Mit Sprachbildern wurde am vergangenen Abstimmungssonntag sicher nicht gespart. Wem die Zeitenwende-Rhetorik zum «historischen» Ergebnis (erstmals nahm das Volk eine gewerkschaftliche Initiative zum Ausbau des Sozialstaats an) noch nicht genug war, dem servierten junge liberale Politiker (ungegendert) die volle Dosis Pathos: Kondolenzschreiben an die AHV hier, Grabreden für den Generationenvertrag da.

Das metaphorische Grab für den Generationenvertrag – dieser beschreibt das solidarische Grundprinzip der Rente: dass Arbeiter*innen die Rente der Pensionär*innen mitfinanzieren – reichert der grünliberale Zürcher Jungpolitiker David Noser noch mit einem Diebstahl-Narrativ an: Die Alten hätten ungefragt 100 Millionen von den Jungen geklaut. Der Generationenkonflikt, gegossen in ein Abstimmungsergebnis.

Aber: Gab es diesen Generation-Gap überhaupt? Haben die zahlreichen Senior*innen und bald pensionierten Babyboomer die junge Generation überstimmt?

13. AHV Nachwahlbefragung
Befragt wurden 30'384 Schweizer*innen. (Quelle: Tamedia/LeeWas)

Konkrete Zahlen liefert die repräsentative Nachwahlbefragung von Tamedia. 60 Prozent der befragten Jungen (bis 34) lehnten die 13. AHV ab, während die bald pensionierte Generation (50 bis 64) mit 68 Prozent zustimmen – die bereits Pensionierten (ab 65), welche am Unmittelbarsten von einer Rentenerhöhung profitieren, stimmten zu 78 Prozent zu.
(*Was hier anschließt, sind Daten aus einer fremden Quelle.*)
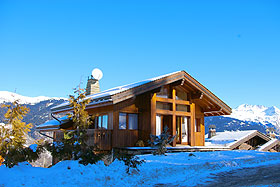 La Tania - Les Chalets de la Tania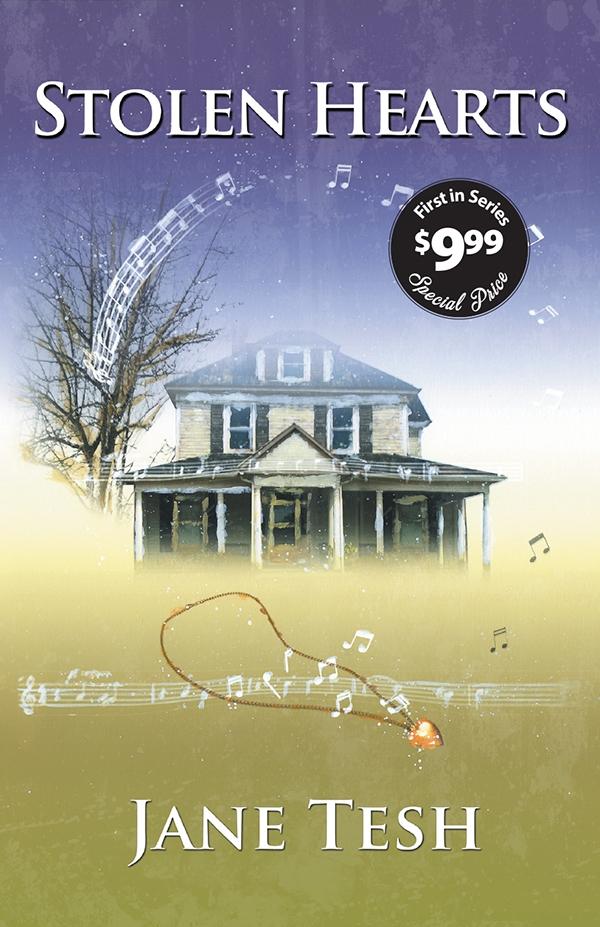 Vorderes Coverbild Stolen Hearts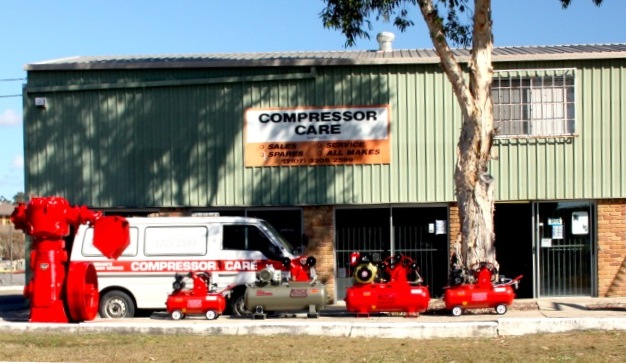 Compressor Care Pty Ltd | 362 Leitchs Rd, Brendale QLD 4500, Australia | Phone: (07) 3205 2599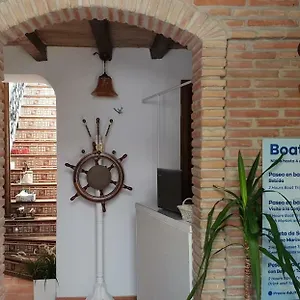  Privatunterkunft Pillico El Pescador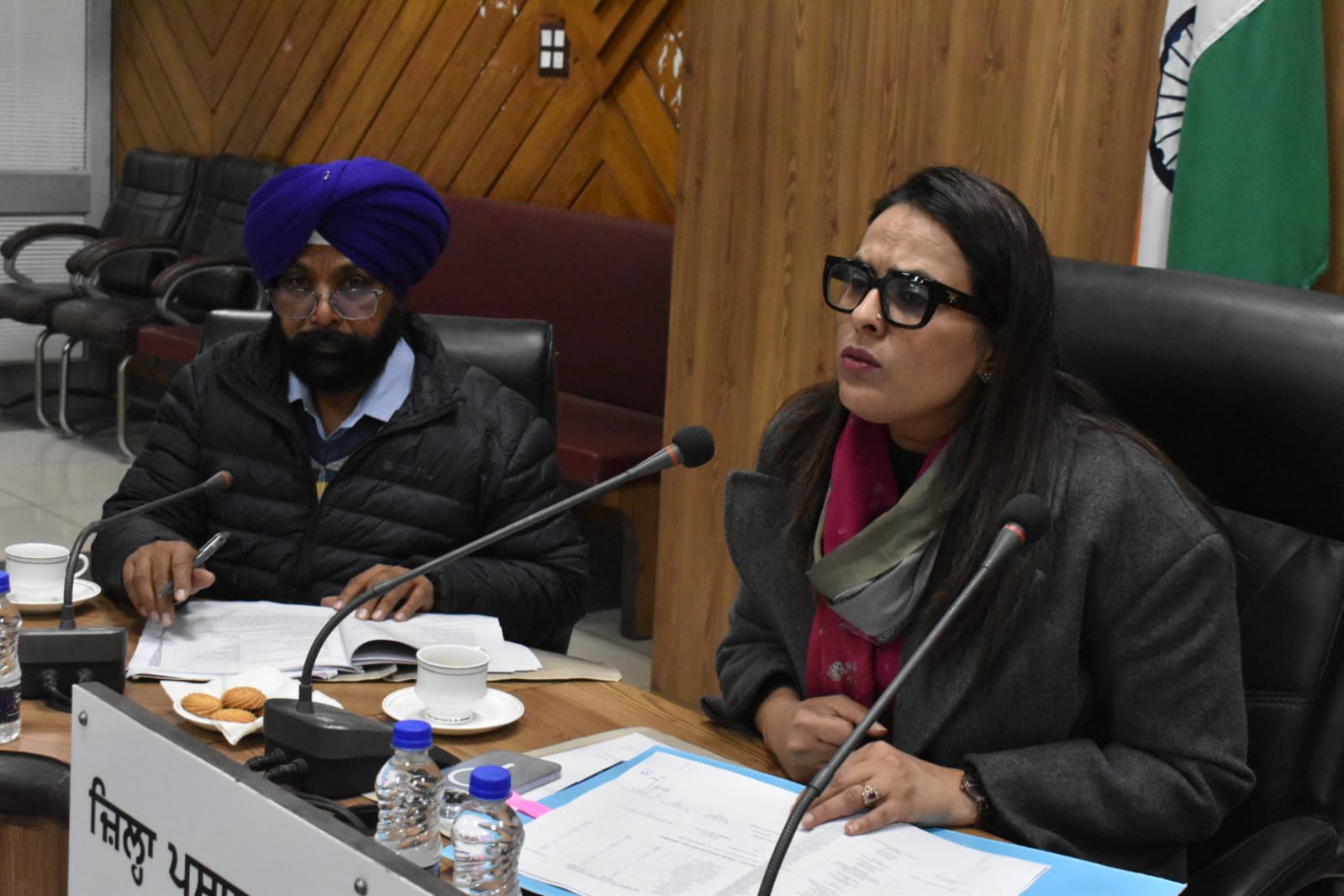 ਜ਼ਿਲ੍ਹਾ ਸਲਾਹਕਾਰ ਕਮੇਟੀ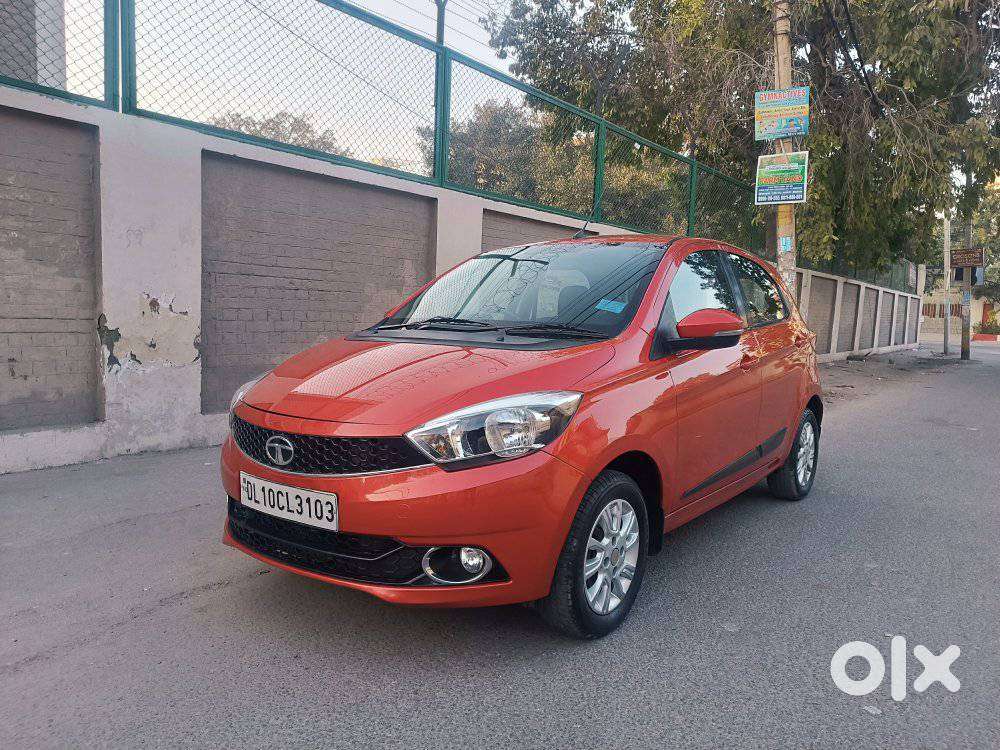 Tata Tiago 1.2 Revotron Xza, 2018, Petrol
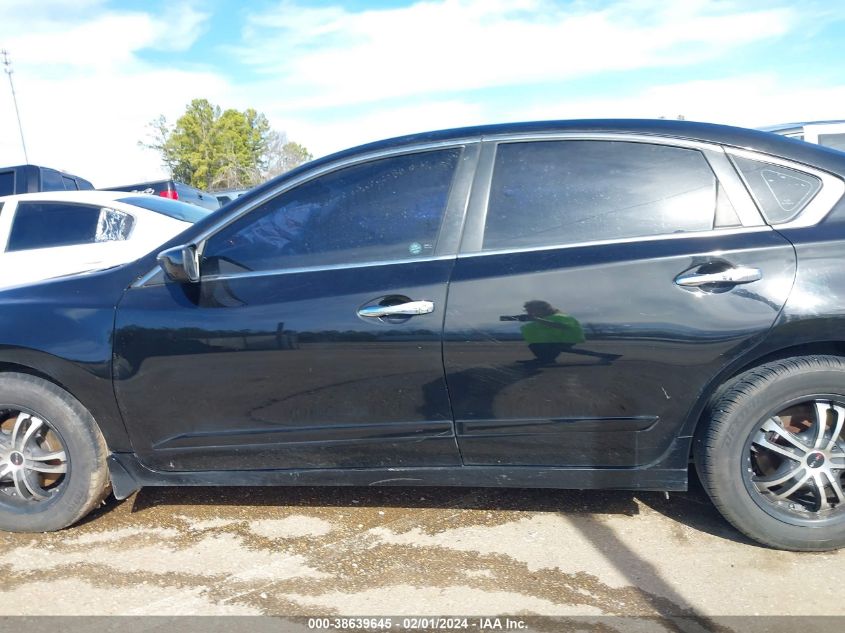 2015 NISSAN ALTIMA 2.5 S - 1N4AL3AP8FC164893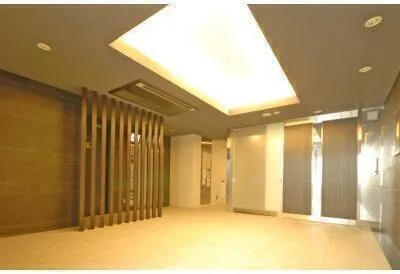 Park Axis Komagome - Exterior - Lobby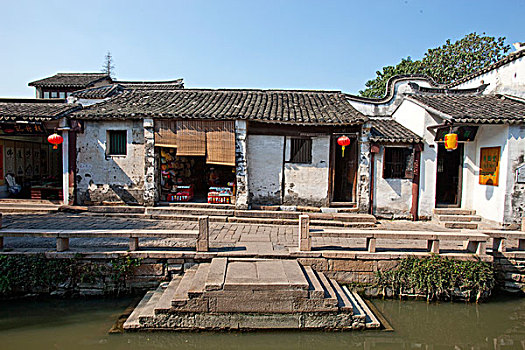 老城,昆山,江苏,中国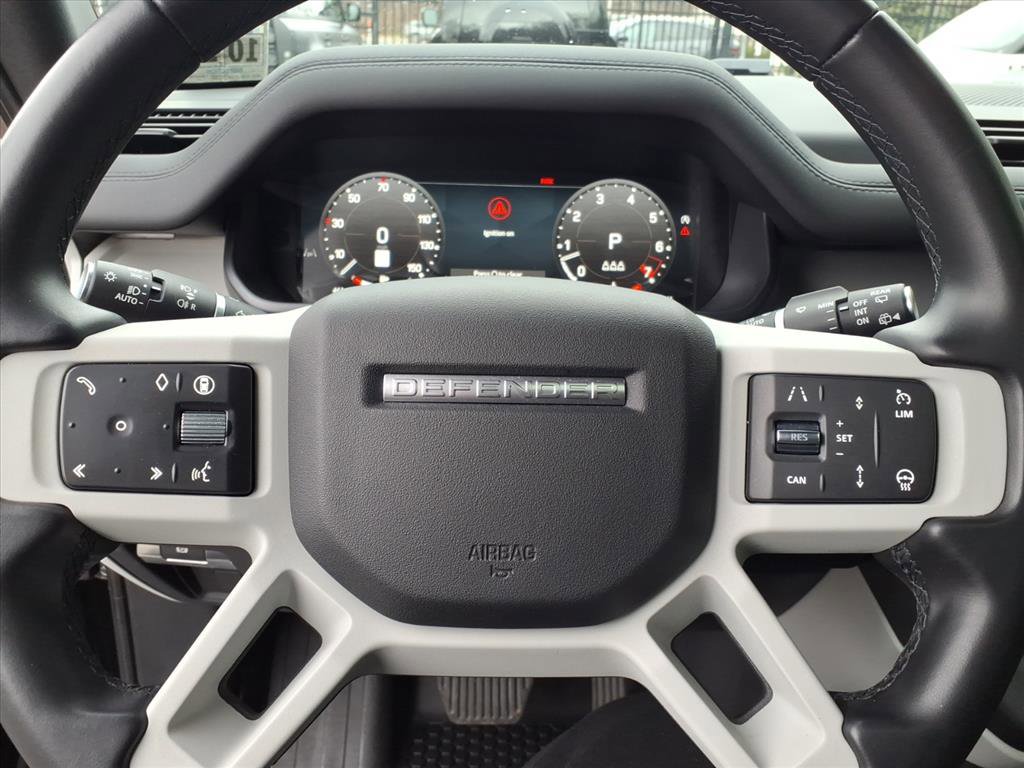 Certified 2024 Land Rover Defender 110 S image 11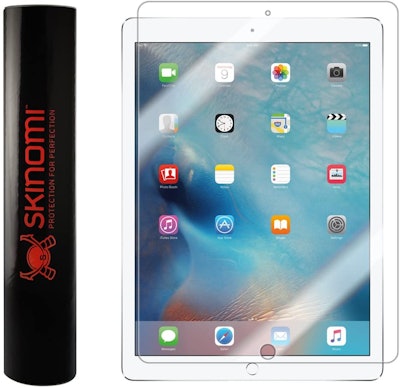 Skinomi TechSkin iPad Pro Screen Protector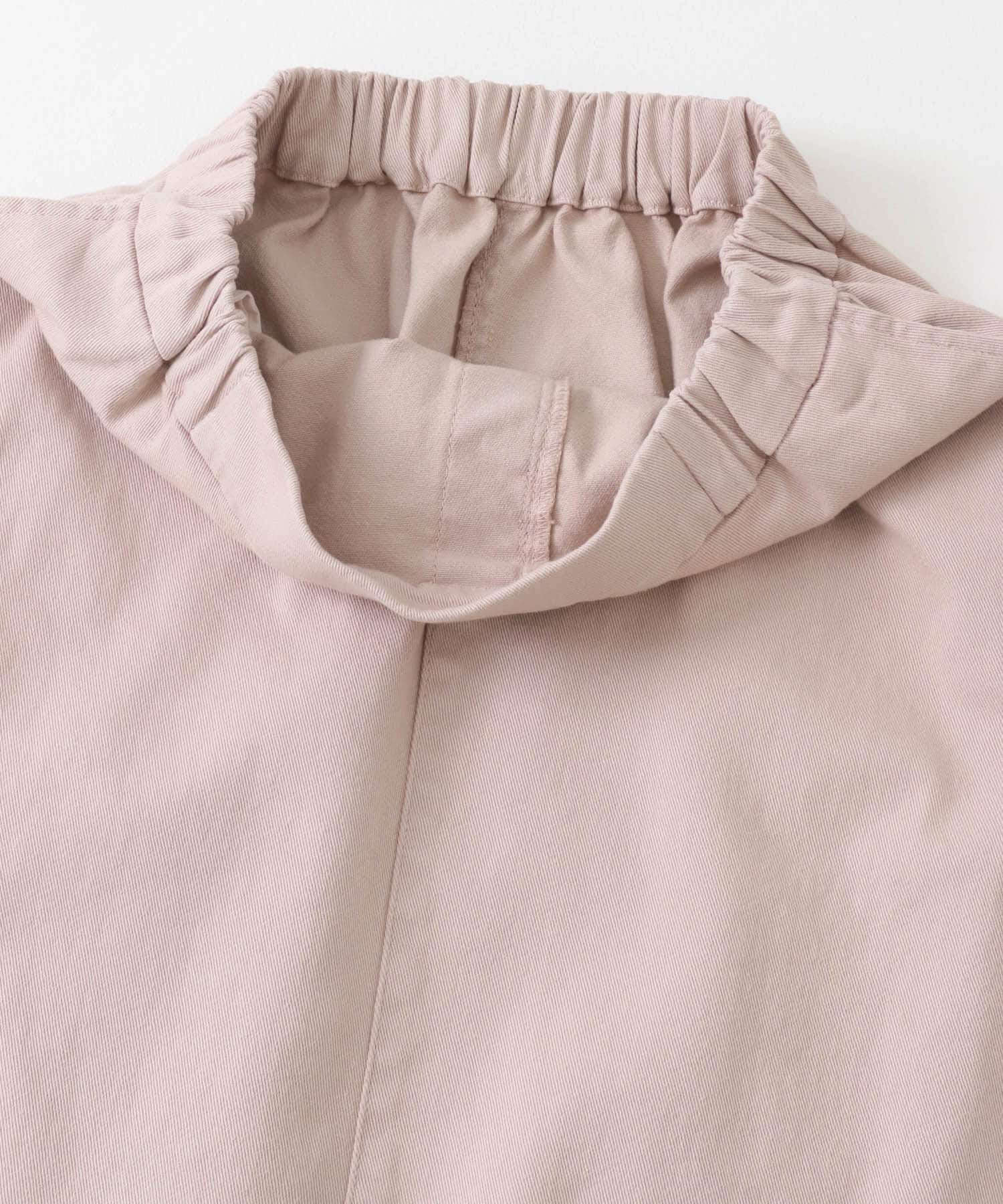 URBAN RESEARCH DOORS「製品染めカラースカート」|スカート|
«Diese Erkenntnis zeigt uns, dass es zwar durchaus einen Altersgraben gibt. Das macht auch Sinn, da der Problemdruck der älteren Generation ein anderer ist», sagt Sandro Lüscher, Politologe an der Universität Zürich. «Das erhält nun sehr viel Aufmerksamkeit, obwohl der Graben nicht so ausgeprägt ist: Denn die junge Generation lehnte die Vorlage nicht so klar ab wie die alte sie befürwortete, dass man davon sprechen kann, dass sie überstimmt wurde.» Ein Ende des Generationenvertrags, wie es jetzt beschworen wird, lässt sich damit nicht belegen.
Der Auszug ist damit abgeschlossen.